Nelson's only time away from Washington was spent studying ceramics at the Kansas Art Institute. "During my senior year I started experimenting with different shapes and started throwing these columns, about five feet tall. They got a lot of attention," Nelson says with a smile and a shrug in her downtown warehouse studio. "I've been doing them ever since. People seem to see something in them they like."
They've liked them well enough for Nelson to make a living with her art, though she admits her private commissions sometimes don't give her a chance to express herself.
"But that's what's great about the Lamont Park project," she says. "I'm really going to stretch."
Nelson's proposal to the D.C. Commission on the Arts and Humanities for the park was chosen over 100 other entrants and four semifinalists. It includes the gateway, a ceramic tile path snaking from the gate to a stage at the other end of the park, and tiles covering the stage's vertical surfaces. "My artwork is not going to dominate the park," Nelson promises. "I'm hoping to enhance the space and increase the sense of community."

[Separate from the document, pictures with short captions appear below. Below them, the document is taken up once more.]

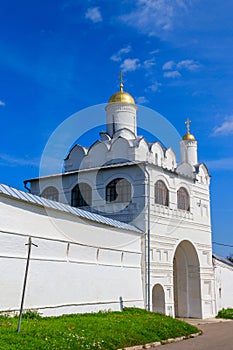 Annunciation gate church of Intercession Pokrovsky convent in Suzdal, Russia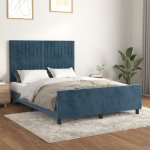 Voodiraam ilma madratsita tumesinine 140x190 cm samet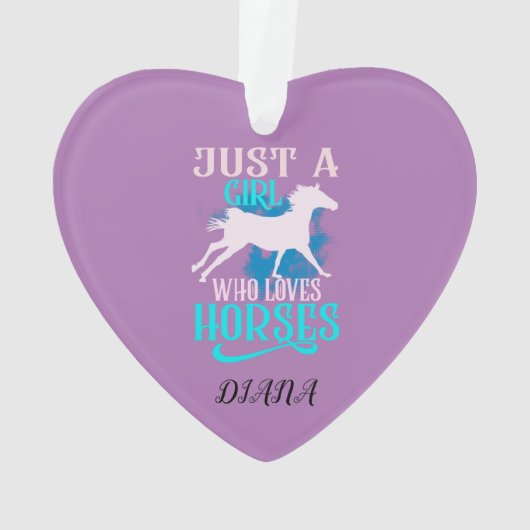 "JUSTE UNE FILLE QUI AIME LES CHEVAUX" COEUR PERSO (dos)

In her studio, Nelson is well into the work, though she has yet to sign a contract with the city. She shrugs off the vagaries of bureaucracy with a smile, then points to the tiles already carved. "I draw from a lot of sources for my patterns," she says, "but I've been influenced by Mayan and Aztec geometries ... with some contemporary Southwestern designs in there too." The round tiles -- manhole-size at 22 inches in diameter and about four inches thick -- are strewn about in various stages of drying, each covered with an intricate design, no two the same.
In a kiln, baking at 2,050 degrees, is a two-foot carved section of pillar that will be painted and glazed before installation. To assemble the hollow pillars on the site, Nelson has devised an intricate system using steel beams and construction foam inside the columns to stabilize them. Glue and clamps will hold the sections together.
The name of Nelson's one-woman outfit is Architectural Ceramics, which she says defines her pretty well. "I've been influenced by Peter King and Marni Jani, both great ceramic artists who work with architects and designers, but I have my own perspective," says Nelson, explaining that growing up in Washington was critical to her sensibilities. "I've been taking photos of the buildings here since I was 14. The keystones, the columns, the doorways. It really is a monumental city."
While Nelson's output includes tiled fireplace fronts, tables, sconces and outdoor planters -- all carved with her singular designs -- she says she's feeling the need to branch out. "I think my work will be taking an organic turn. I've been dreaming of huge seashells that I could make from ceramic. But I'm also fascinated with machinery, cogs and gears," she says. "... I think my columns and my patterns look like something out of the past. They seem ancient somehow. Maybe I have to go into the future now."
The National Endowment for the Arts is accepting applications for its WritersCorps community service program, a partnership with the Associated Writing Programs. Sixty writers will work at inner-city schools and community centers for up to a year. The deadline for applications is Aug. 12. Call 703-993-4301 for more information ... The Greater Reston Art Center has named Diane Arkin its executive director, replacing Judith Forst. Arkin will oversee GRACE's planned programming expansion and its scheduled move to a larger space ... The Korean Artists Association of the Greater Washington Area is celebrating its 20th anniversary with an exhibit at the Studio Gallery through Aug 28. A reception and talk by the featured artists is scheduled for Aug. 19 ... To celebrate its 20th anniversary, the Torpedo Factory in Alexandria asked area art professors to recommend artists born 20 years ago for its anniversary show. See the works of these young artists through Sept. 4.